Could you please retype all of the records exactly, skipping any pictures?

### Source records
......

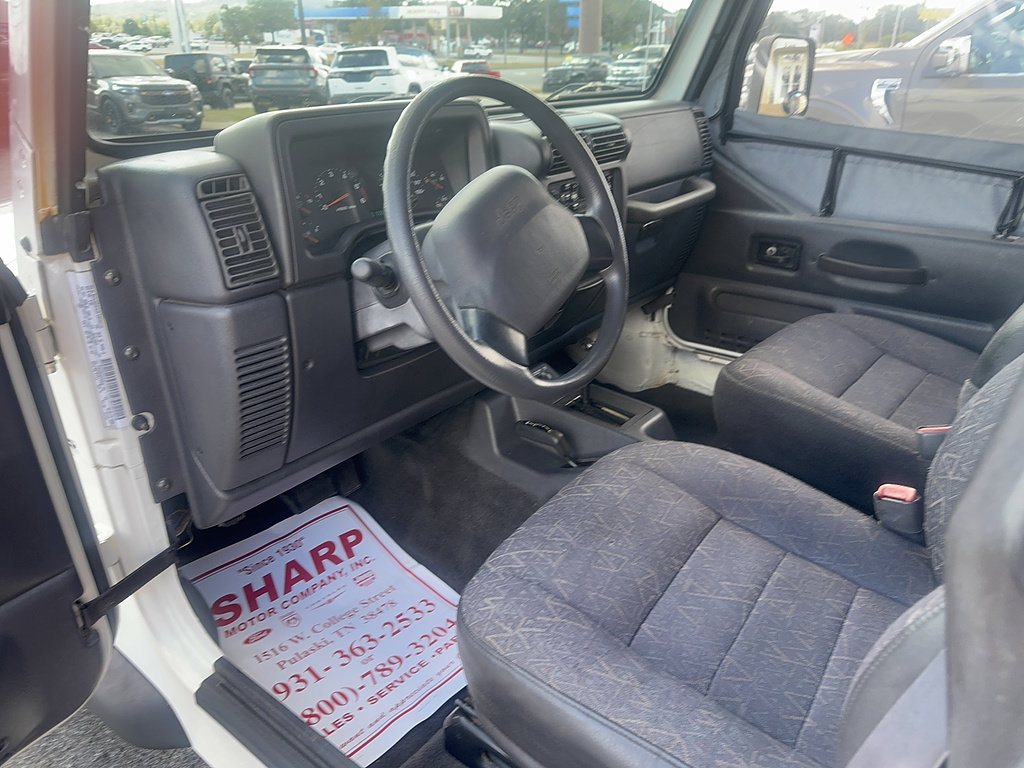 Used 2002 Jeep Wrangler X AWD/4WD image 4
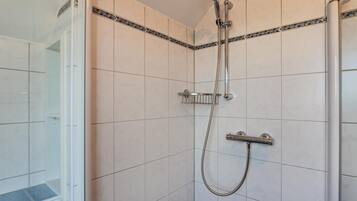 Regadera, amenidades de baño gratuitas, secadora de cabello, toallas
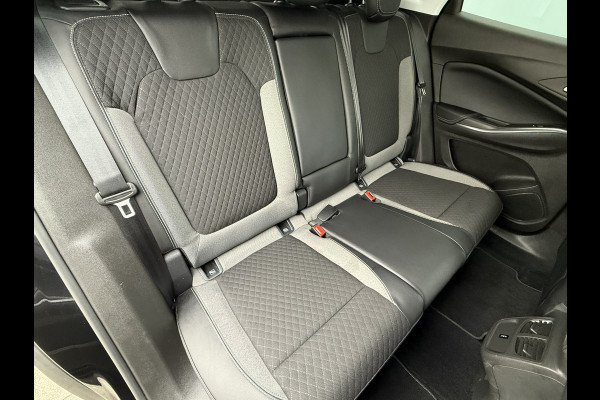 Opel Grandland X BWJ 2021 | 1.2T 131PK Bus Executive | TREKHAAK | CAMERA A | NAVI | CLIMA | PDC 2X | CARPLAY | LMV | PRIVACY GLASS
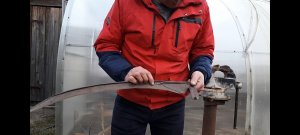 Охотничий нож из ручной косы своими руками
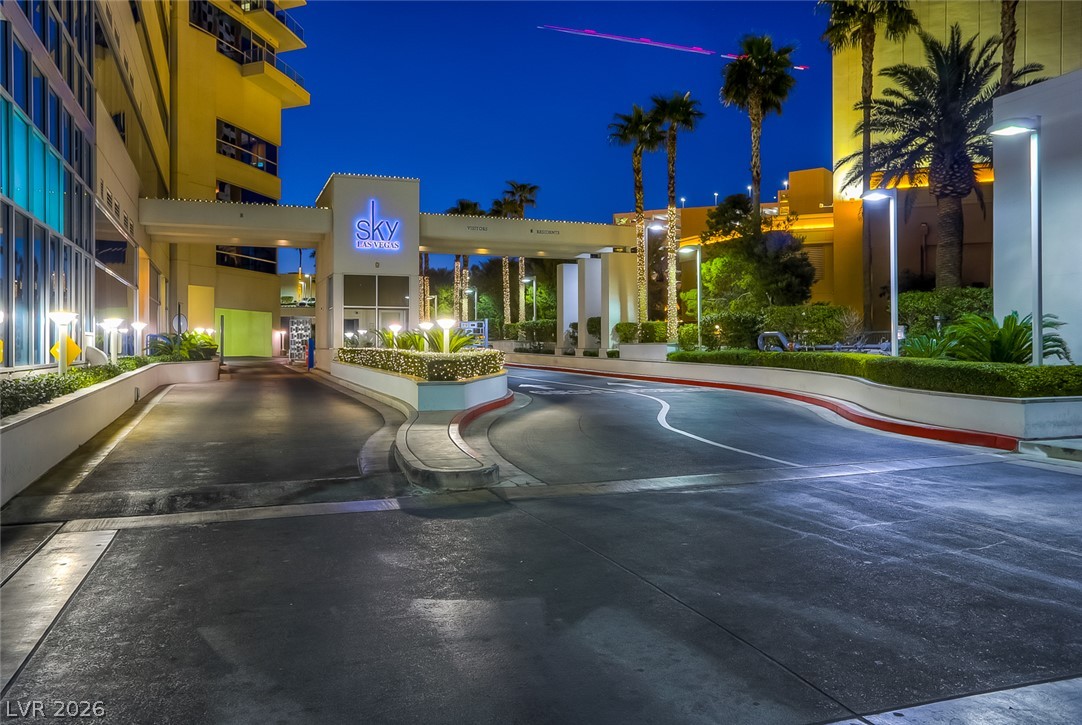 2700 Las Vegas Boulevard 1501 Property Photo 4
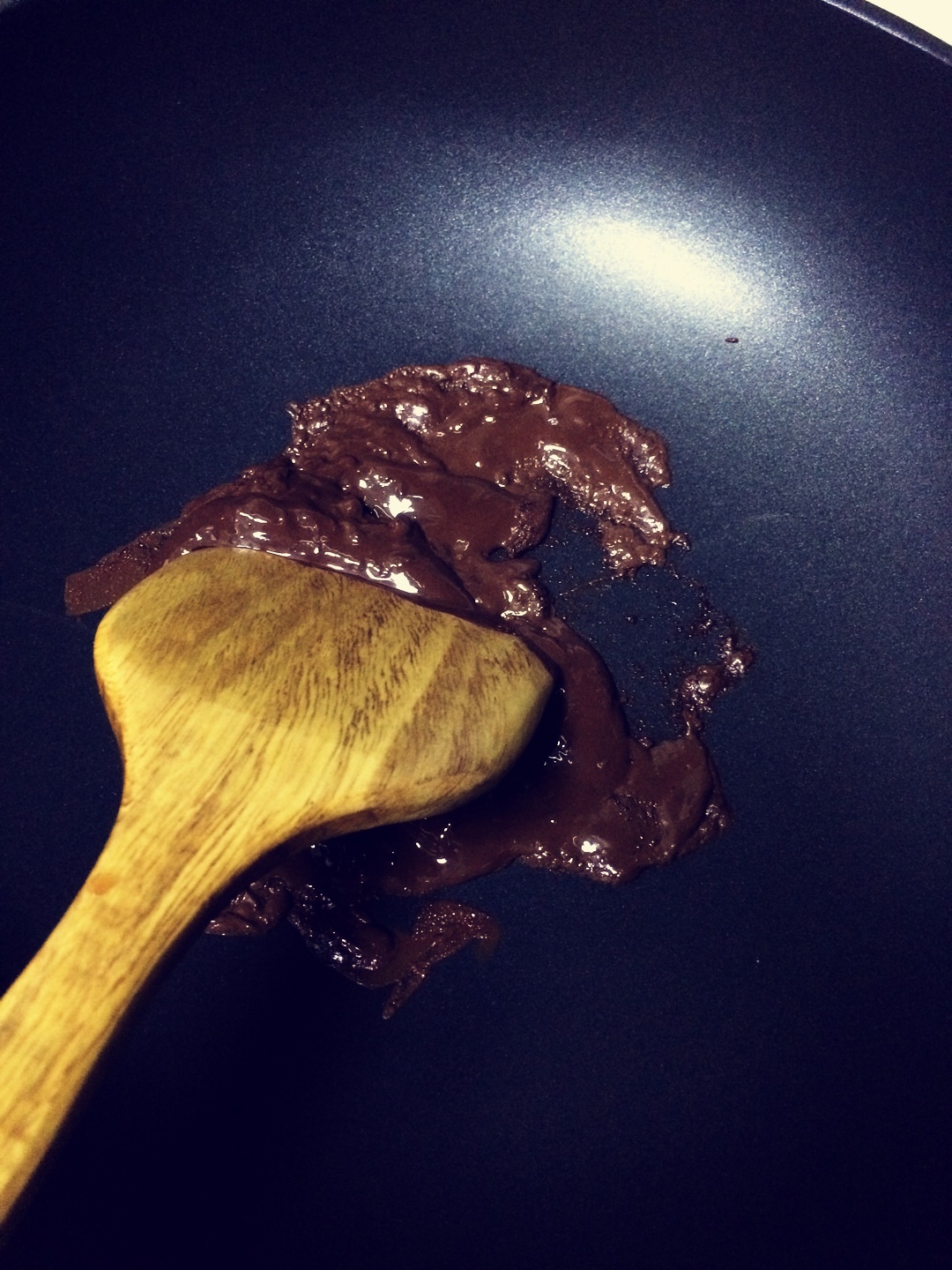 無油免烤黑巧克力布朗尼的做法 步骤2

......

### Response below
 Used 2002 Jeep Wrangler X AWD/4WD image 4
 Regadera, amenidades de baño gratuitas, secadora de cabello, toallas
 Opel Grandland X BWJ 2021 | 1.2T 131PK Bus Executive | TREKHAAK | CAMERA A | NAVI | CLIMA | PDC 2X | CARPLAY | LMV | PRIVACY GLASS
 Охотничий нож из ручной косы своими руками
 2700 Las Vegas Boulevard 1501 Property Photo 4
 無油免烤黑巧克力布朗尼的做法 步骤2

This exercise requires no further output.